"""
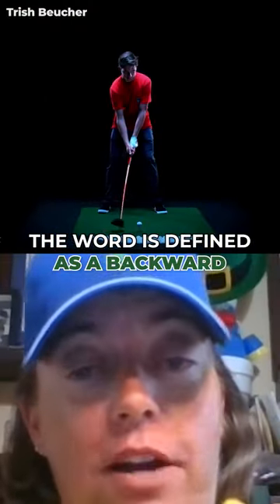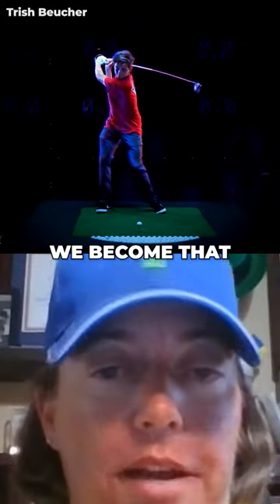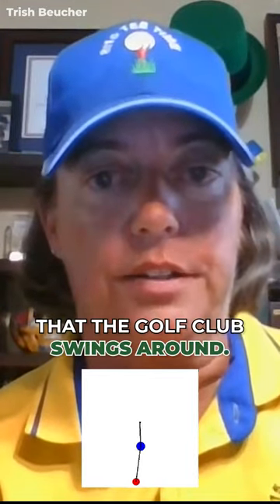The word is defined as a backward, forward, to-and-fro motion from a fulcrum. We become that fulcrum in the golf swing. Our bodies are the fulcrum that the golf club swings around.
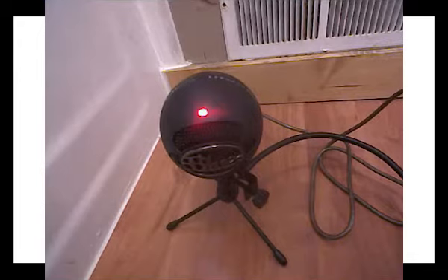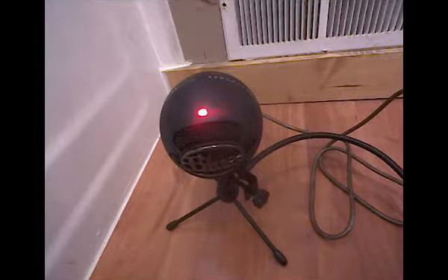This is the Blue Snowball Ice without the pop filter, with background noise, about 6 inches away. This is the Blue Snowball Ice with the pop filter about 6 inches away with background noise.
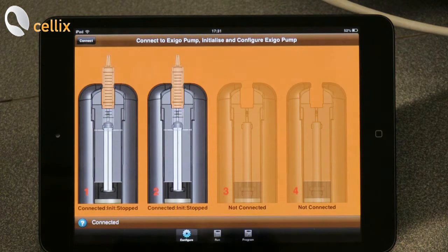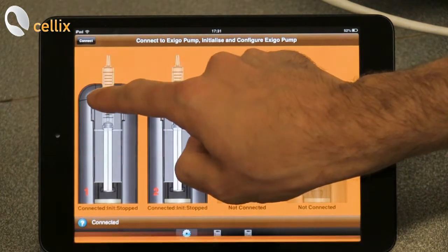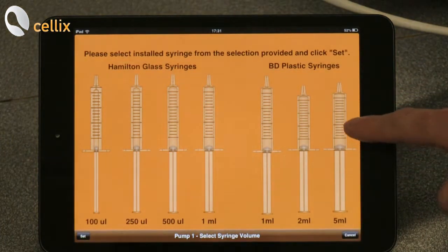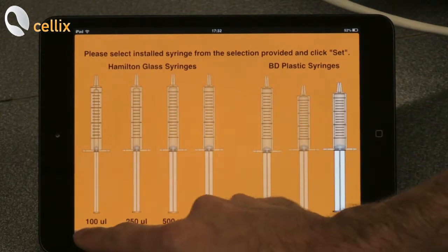The next step is to select the syringe. We double click on the syringe and we select the 5 mL syringe because it's the dimension of the syringe we are currently using. We select the syringe and then click set.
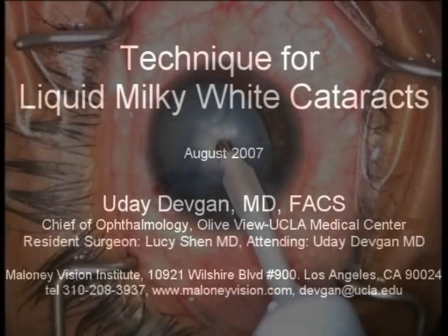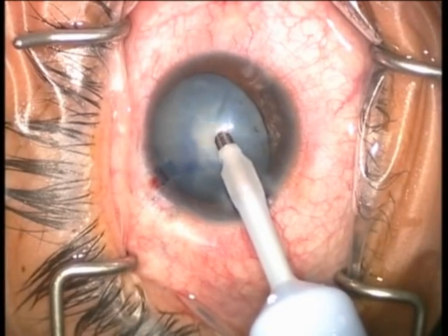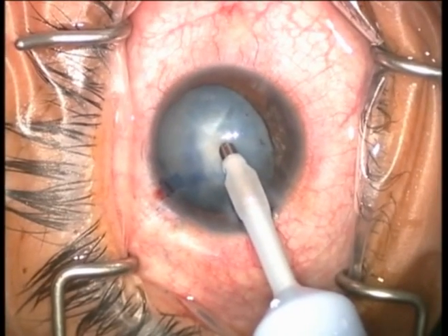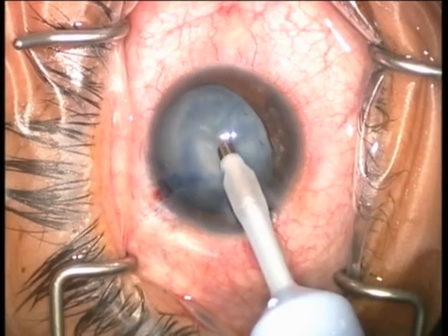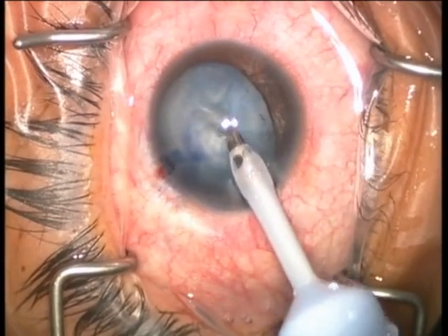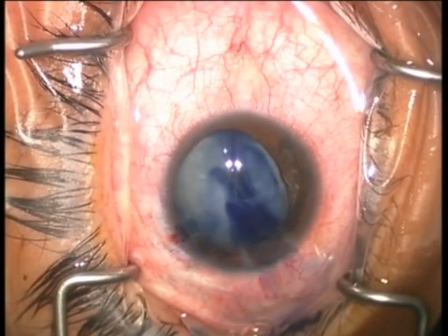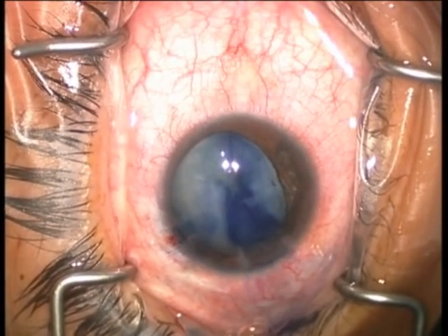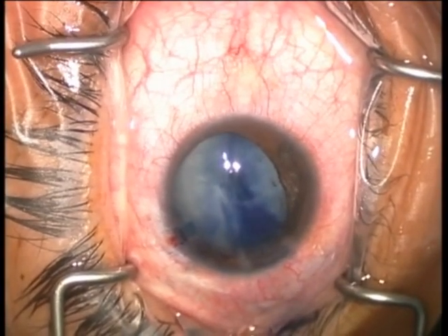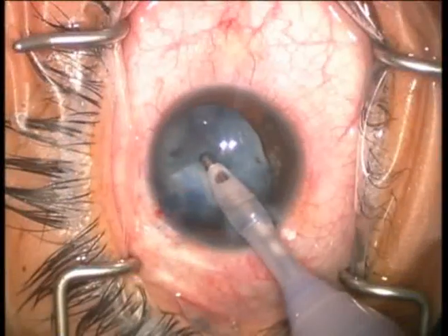This cataract is completely liquid. You'll notice the instability of the anterior lens capsule since the entire lens capsular bag is filled with this liquidy material. We'll use the FACO probe and make a single round opening in the anterior lens capsule. We directly buzz right into the anterior lens capsule using low flow, low vacuum, and high power.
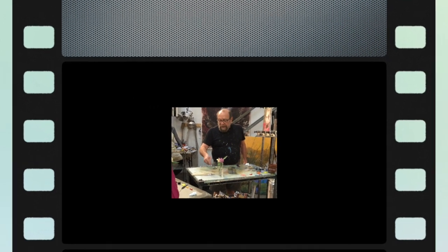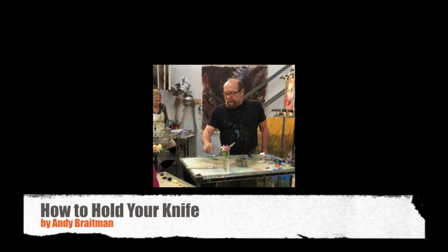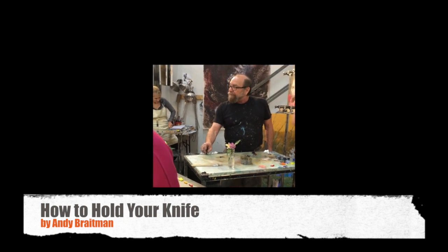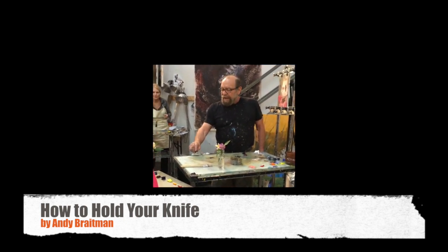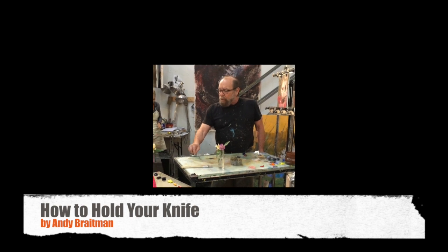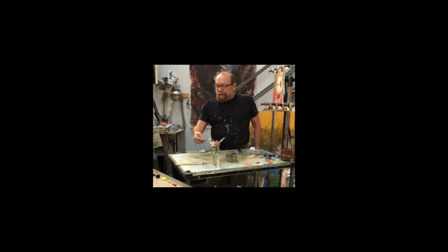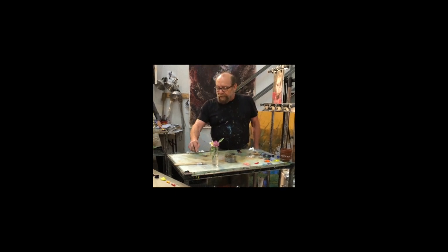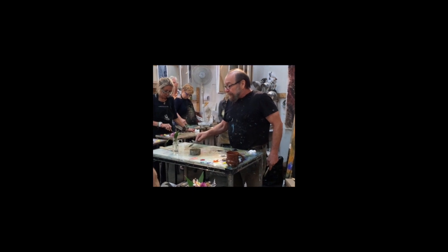Take the knife and lay it at an angle on the glass, and you're going to scoop the knife toward you so you're lifting the paint onto your knife — scooping it under the paint and pulling it up. You're just doing this little stroke. And in terms of speed of application...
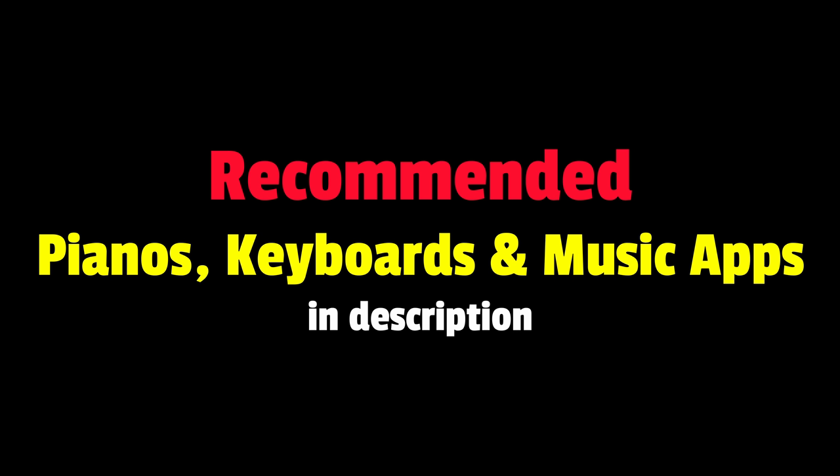Don't forget to check out my recommended digital pianos, keyboards and music learning apps in the description below. Smash that like button if you found this video useful. My name is Jeremy C and I'll see you in my next video.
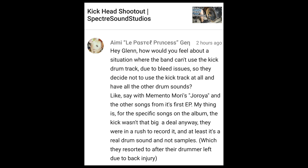How would you feel about a situation where the band can't use the kick drum track due to bleed issues, so they decide not to use the kick track at all? With Memento Mori's songs from their first EP, the kick wasn't that big a deal anyway — they were in a rush to record it, and at least it's a real drum sound and not samples, which they resorted to after their drummer left due to a back injury. Well, kick drum really does separate the men from the boys when it comes to engineering. Getting a good solid kick sound — that is the challenge. I'd rather hear the drummer play a real drum kit. The band was in a hurry? Maybe the band should have taken the time to get it right.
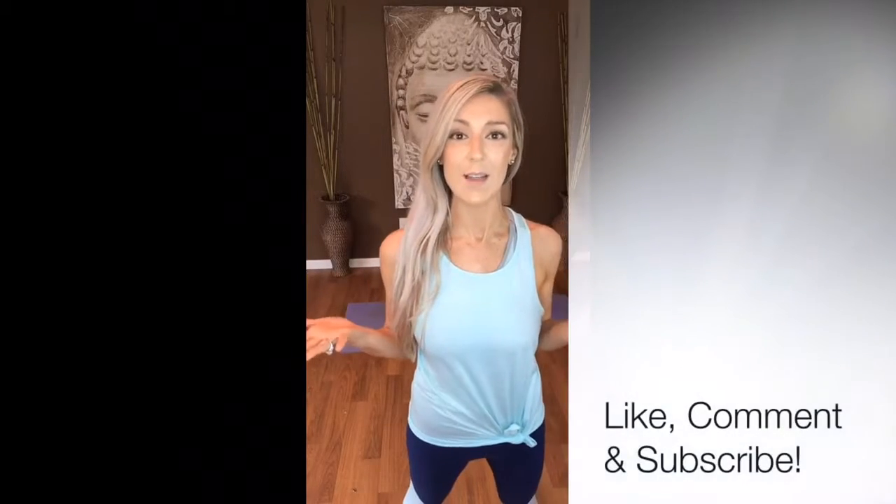If you guys are new to our weekly posture, welcome. We do this every single Tuesday live, and then I get all these videos up on my YouTube channel so you guys can watch all of my yoga postures of the week and really do these postures on your own schedule, anytime.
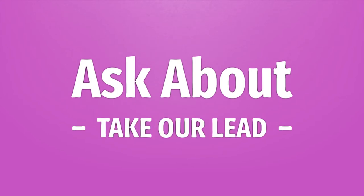Take our lead. Let's help you make your mark. Our goal is your satisfaction. Let us show you the way.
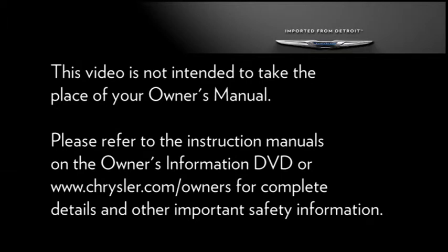Please refer to the instruction manuals on the Owner's Information DVD or Chrysler.com/owners for complete details and other important safety information.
"""
→ Work task: Leaving out the pictures, repeat the data above exactly.

→ Answer for the task:
The word is defined as a backward, forward, to-and-fro motion from a fulcrum. We become that fulcrum in the golf swing. Our bodies are the fulcrum that the golf club swings around.
This is the Blue Snowball Ice without the pop filter, with background noise, about 6 inches away. This is the Blue Snowball Ice with the pop filter about 6 inches away with background noise.
The next step is to select the syringe. We double click on the syringe and we select the 5 mL syringe because it's the dimension of the syringe we are currently using. We select the syringe and then click set.
This cataract is completely liquid. You'll notice the instability of the anterior lens capsule since the entire lens capsular bag is filled with this liquidy material. We'll use the FACO probe and make a single round opening in the anterior lens capsule. We directly buzz right into the anterior lens capsule using low flow, low vacuum, and high power.
Take the knife and lay it at an angle on the glass, and you're going to scoop the knife toward you so you're lifting the paint onto your knife — scooping it under the paint and pulling it up. You're just doing this little stroke. And in terms of speed of application...
Don't forget to check out my recommended digital pianos, keyboards and music learning apps in the description below. Smash that like button if you found this video useful. My name is Jeremy C and I'll see you in my next video.
How would you feel about a situation where the band can't use the kick drum track due to bleed issues, so they decide not to use the kick track at all? With Memento Mori's songs from their first EP, the kick wasn't that big a deal anyway — they were in a rush to record it, and at least it's a real drum sound and not samples, which they resorted to after their drummer left due to a back injury. Well, kick drum really does separate the men from the boys when it comes to engineering. Getting a good solid kick sound — that is the challenge. I'd rather hear the drummer play a real drum kit. The band was in a hurry? Maybe the band should have taken the time to get it right.
If you guys are new to our weekly posture, welcome. We do this every single Tuesday live, and then I get all these videos up on my YouTube channel so you guys can watch all of my yoga postures of the week and really do these postures on your own schedule, anytime.
Take our lead. Let's help you make your mark. Our goal is your satisfaction. Let us show you the way.
Please refer to the instruction manuals on the Owner's Information DVD or Chrysler.com/owners for complete details and other important safety information.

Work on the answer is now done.